Turn on most TV news in L.A., today, and you realize why no one makes time to watch the Miss America Pageant, anymore. Why should you when you can watch someone just as stunning do the weather on TV?
Cases in point: Jackie Johnson, CBS2. Just try and mentally process weather information and remember tomorrow's high while being exposed to those curves for two or three minutes. I regularly go to the internet for the weather, but watch Jackie just for the diversion. What's worse, I easily admit my shallowness, and I'm not alone.
Early in the morning on KNBC4, a voluptuous distraction named Elita Loresca is gainfully employed. They must spend a fortune on her wardrobe, what with those cashmere sweaters being stretched beyond capacity. A lot of coffee must get spilled with Elita on display. Those who don't get up early can see her layout in FHM. there's wet clothing involved.

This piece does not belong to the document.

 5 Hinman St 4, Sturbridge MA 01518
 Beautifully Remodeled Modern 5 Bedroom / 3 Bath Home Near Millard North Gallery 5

Turn to KTLA, Channel 5, and there's Vera Jimenez, who once did morning traffic on CBS2. Thinking back, I have to say she's soooooooooo much cuter and cuddlier than Bob Hale's drawings of kitties and seals, especially when she did traffic. Something, however, is amiss at Channel 5. KTLA lights her differently than CBS2 did. A petite young woman, her look is diminished by Channel 5's inability to light her correctly. Even in HD, you half-way expect a screeching cackle, a broom and smoking cauldron to accompany the graphics. And this is a seriously good looking woman. TV has never known how to properly light performers with brown skin, I suppose.
Finally, I submit to you, the strapping Indra Petersens, on KABC7, every Saturday and Sunday morning. A Swedish Beauty. She may well have been on Tiger's short list, but she's obviously too smart for anything like that. If you're up early on the weekend or just falling asleep, it does you good to know there's someone who looks like that on TV.
My point: The latter sentence says it all. Even I, as immersed in the history of broadcast journalism as I am, as acutely aware of discrimination as I am, have to concede that it's a treat seeing women so beautiful present news. It's sexist, yes, and unabashedly superficial, but evidently, we love it--at least according to focus groups, galvanic skin response tests, and the almighty Nielson ratings.
The author of "The Beauty Bias" may well be correct. Of all the forms of discrimination, though, this would be the most difficult to adjust or to legislate against. It's a deeply ingrained part of our flawed human nature. Besides, is beauty not, as they say, in the eye of the beholder?
***
A final observation: I hope at some point in time that, as day must follow night, AUTO-TUNE will go the way of the WAH-WAH PEDAL. For an example of autotune at work, think of Sean Kingston's "Beautiful Girls." The robotic computer program is used to keep him on key and in tune. After while, it's like finger nails on a chalk board.
For memories of the equally hideous wah-wah pedal, think back to the old Cheech and Chong bit where, in a fit of wah-wah induced rage, Cheech snatches the offending pedal out of its power supply. It's on Cheech and Chong's Wedding Album. Still funny, after all these years.